Yin did not mention, however, that private pension accounts in China are running a combined deficit of around 2.2 trillion yuan. Nor did he acknowledge the looming challenges connected to the rising tide of retirees, or the pension fund gaps separating rich parts of the country from rural areas and the northeastern rust belt.
“The gap” between funds on hand and pension obligations “cannot be resolved by the social security fund alone,” said Zuo Xuejin, deputy director for the China Academy of Social Sciences in Shanghai. “The fund is tiny compared with the potential pension system burden.”
Workers dismissed in Tiexi in the 1990s typically received buyout packages in the tens of thousands of yuan. That money is long gone, and today new jobs are hard if not impossible to find in part because by Chinese company standards most of these ex-workers are considered too old to hire.

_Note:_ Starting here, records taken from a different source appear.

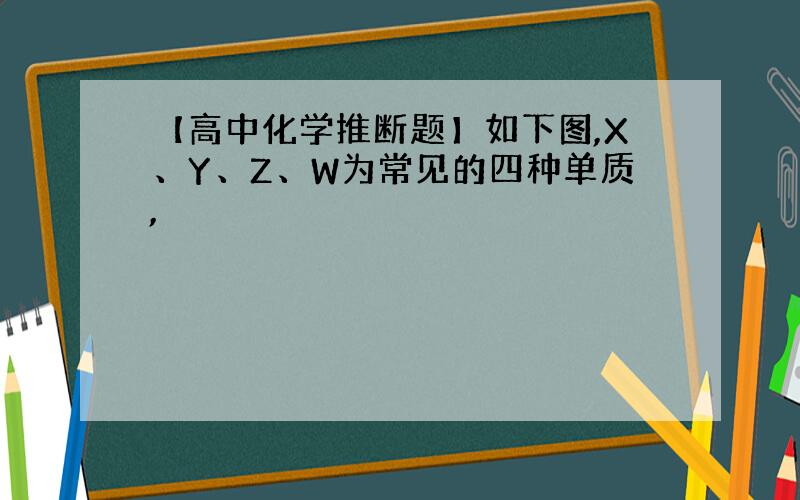 【高中化学推断题】如下图,X、Y、Z、W为常见的四种单质,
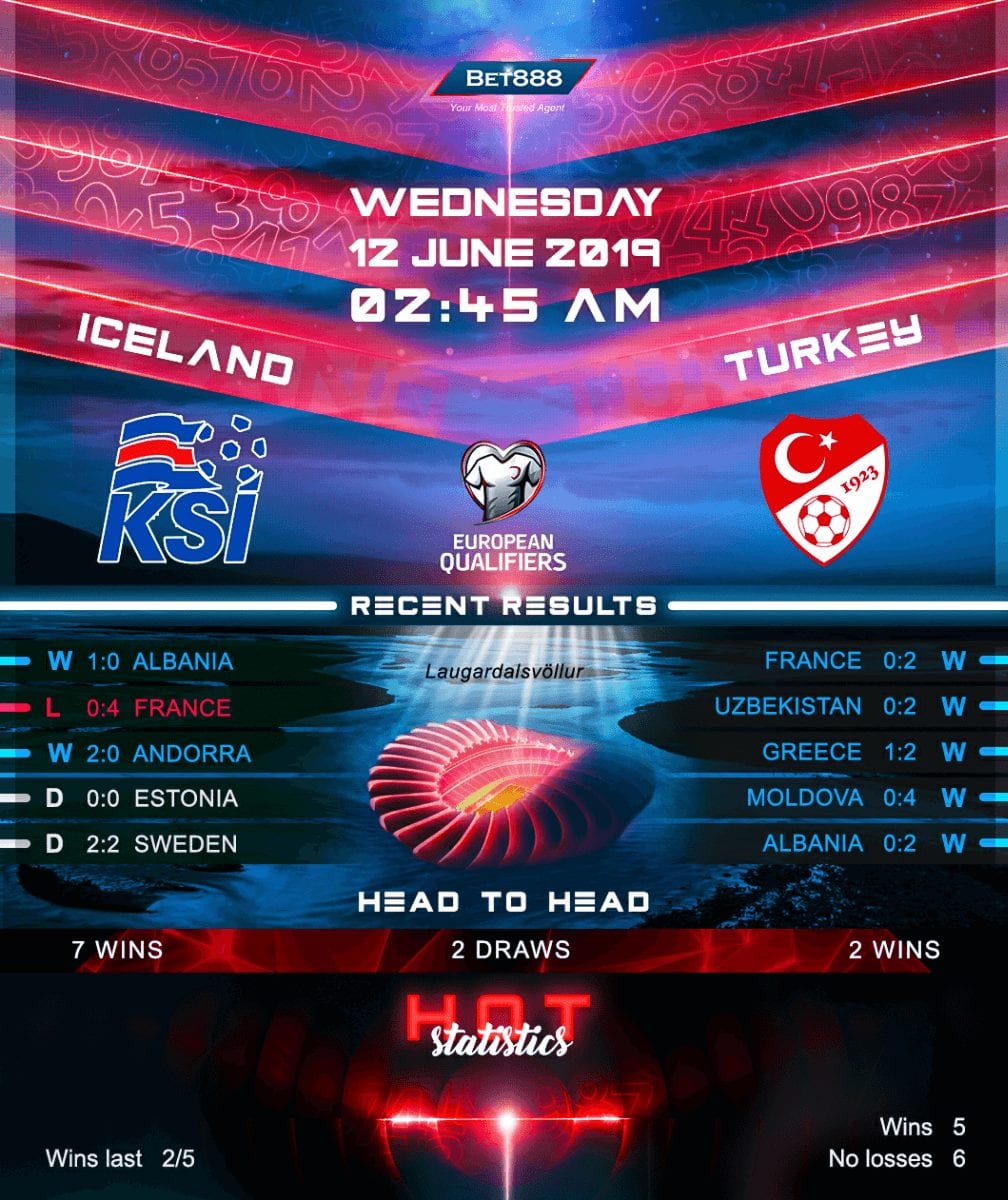 Iceland vs Turkey 12/06/19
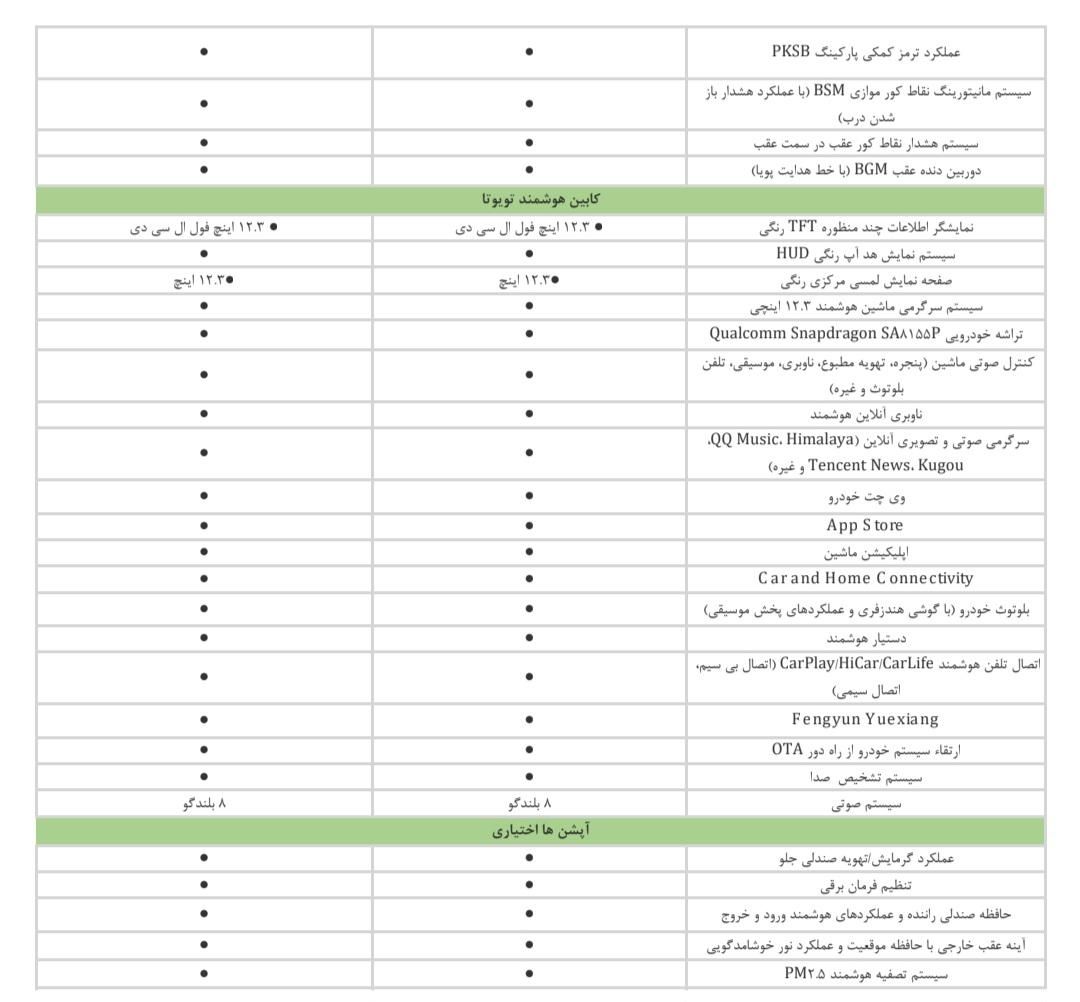 تویوتا کمری هیبرید XLE(سفارش آمریکا) - 2024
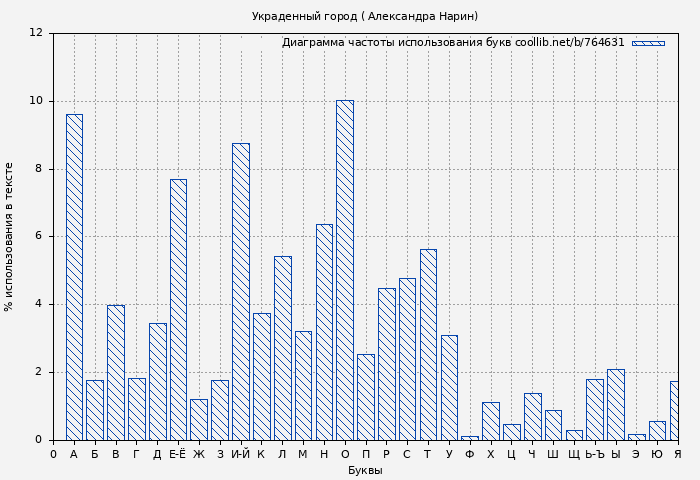 Диаграма использования букв книги № 764631: Украденный город ( Александра Нарин)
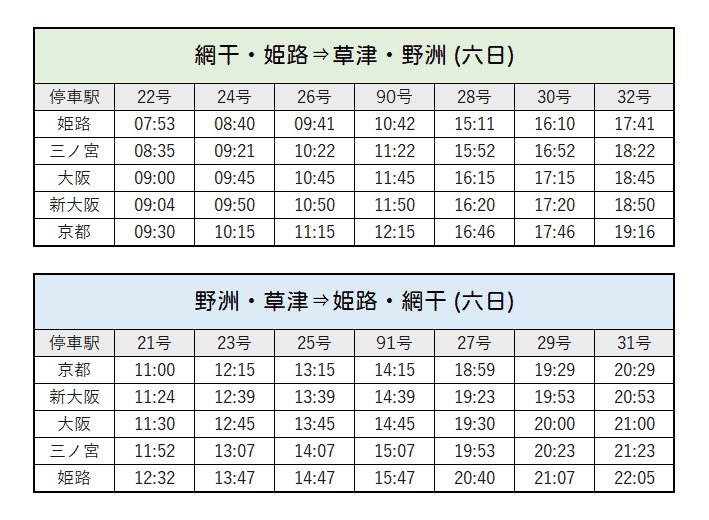 JR新快速列車的特別車廂-A SEAT (Aシート) | 通勤列車指定席-六日時刻表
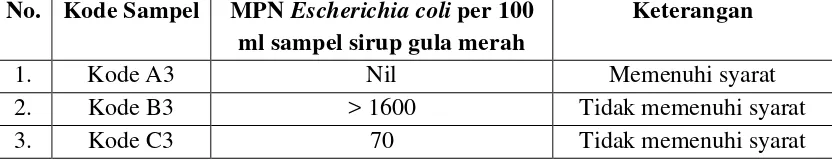 Tabel 4.8 Hasil Pemeriksaan Bakteri Escherichia coli pada Kuah Santan Es Dawet yang Dijual di Kota Medan Tahun 2011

Temporary and handyman work keeps food on the table for jobless men such as a fifty-seven-year-old surnamed Wang who stood on the street August 26 with a cardboard sign declaring his availability and skill: “Electrician,” it read.
Wang waited all morning and got no bites. “I’m too old,” he told a reporter. “Employers are not interested.”
Dual Track
Zheng Bingwen, an Academy of Sciences research fellow, is urging the government to switch to an individualistic pay-as-you-go social security system, also known as a notional defined contribution (NDC) scheme. Each worker would contribute to and tap his or her own retirement account. The social pool would be eliminated, and gaps between public and private accounts would be closed.
But Zheng and other NDC proponents face an uphill climb in the face of financial hurdles tied to previous attempts to redesign China’s pension system.
For example, an experimental project approved by the State Council in 2001 for Liaoning and twelve other communities has so far failed to reach its goal. Social pool contributions haven’t matched rising expenditures, forcing the Liaoning government to dip into private accounts to cover obligations.
Now, more than a decade later, “the situation is severe” across the province, said Zhao Wenxiang, deputy chairman of the Labor and Social Security Institution in Liaoning. “We should issue a warning card for the Liaoning program.”
Work on a national pension scheme started in 1997. Emerging from the drafting process was a system with two pillars—a pay-as-you-go social pool providing support for all retirees based on contributions from the active labor pool, and a supplementary system for private, retirement savings.
The social pool is financed by employers who contribute 20 percent of each employee’s wages. Private account funds come from employees who contribute 8 percent of his or her wages.
The system is not without critics. Some question its fairness, since government workers and government-affiliated institution staffers don’t have to pay anything out-of-pocket yet enjoy annuities higher than those for other retired urban workers.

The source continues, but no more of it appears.